GOAL OF THE EXERCISE
Exactly the lines from the line with "江苏省-镇江市-新城·悦隽-92.01-户型库-动静线" through the final line of the records below, both ends included, are to be set down. Do not include pictures.

AVAILABLE DATA
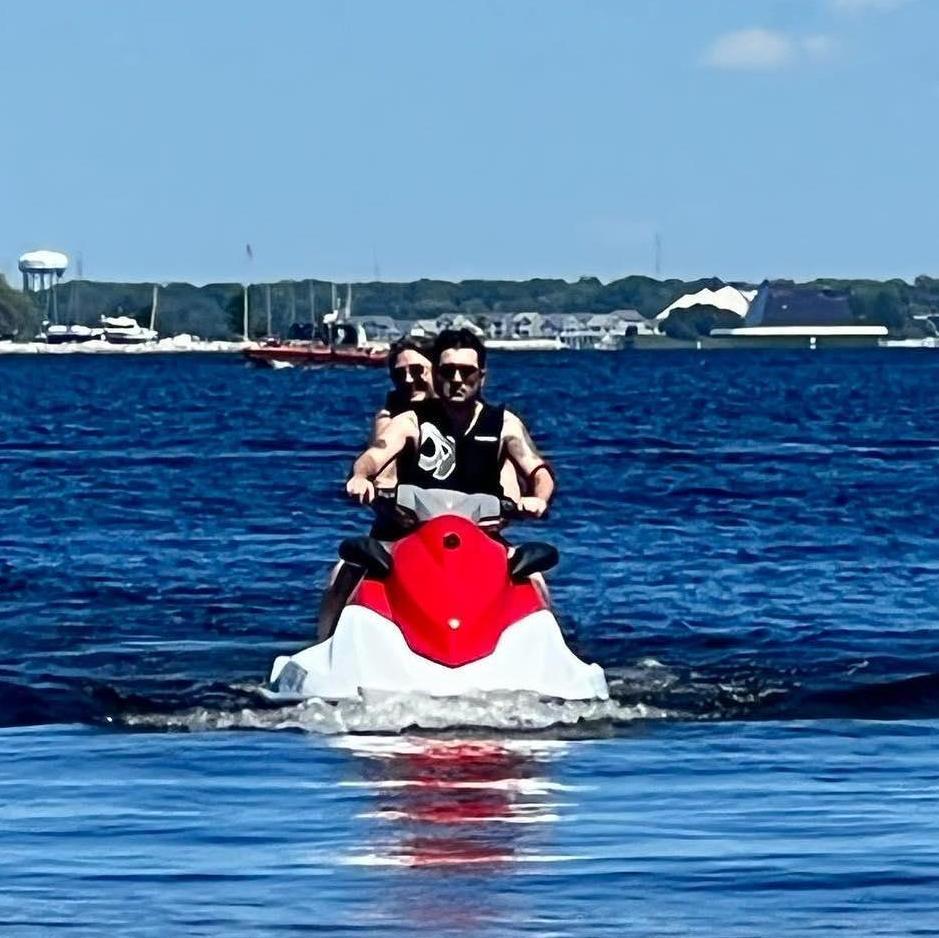 Jet skis on the lake!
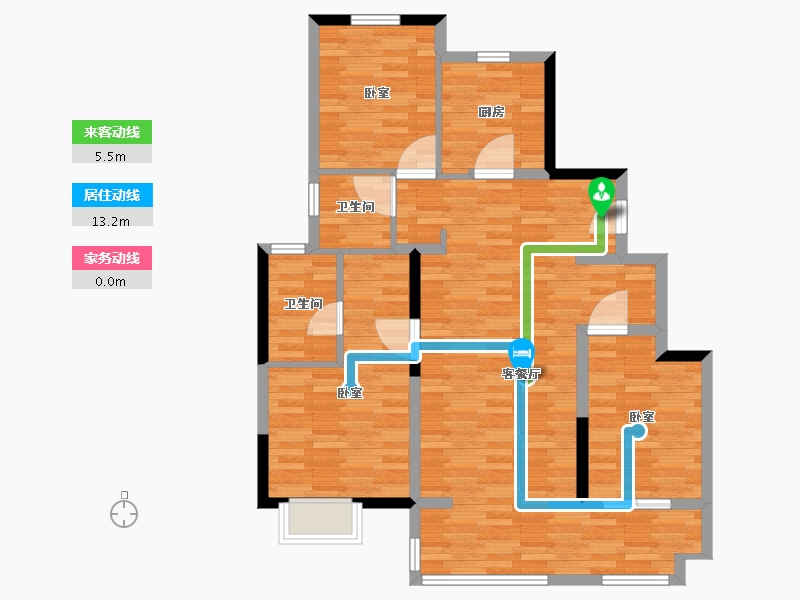 江苏省-镇江市-新城·悦隽-92.01-户型库-动静线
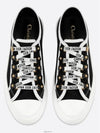 Walk'N' Low Top Sneakers Canvas Black - DIOR - BALAAN 2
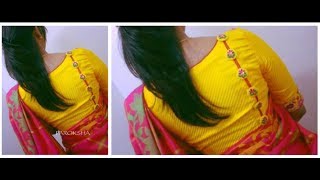 Designer Blouse With Boat Neck Cutting And Stitching DIY [upl. by Achorn382]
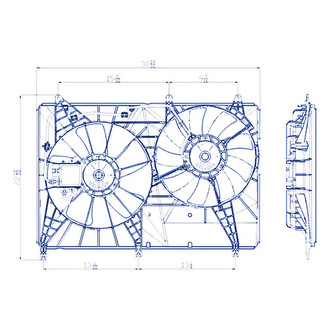 Replacement - Radiator Cooling Dual Fan Assembly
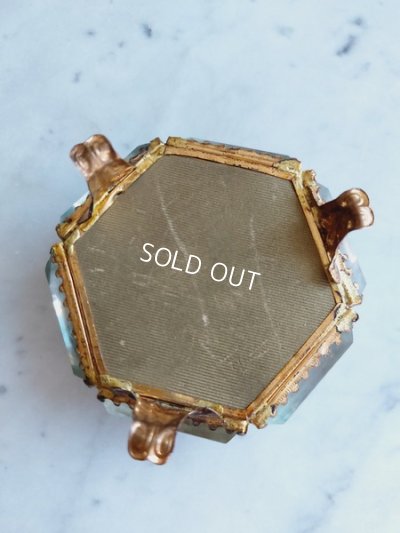 画像14: アンティーク六角形ガラスジュエリーケース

RESULT
 江苏省-镇江市-新城·悦隽-92.01-户型库-动静线
 Walk'N' Low Top Sneakers Canvas Black - DIOR - BALAAN 2
 Designer Blouse With Boat Neck Cutting And Stitching DIY [upl. by Achorn382]
 Replacement - Radiator Cooling Dual Fan Assembly
 画像14: アンティーク六角形ガラスジュエリーケース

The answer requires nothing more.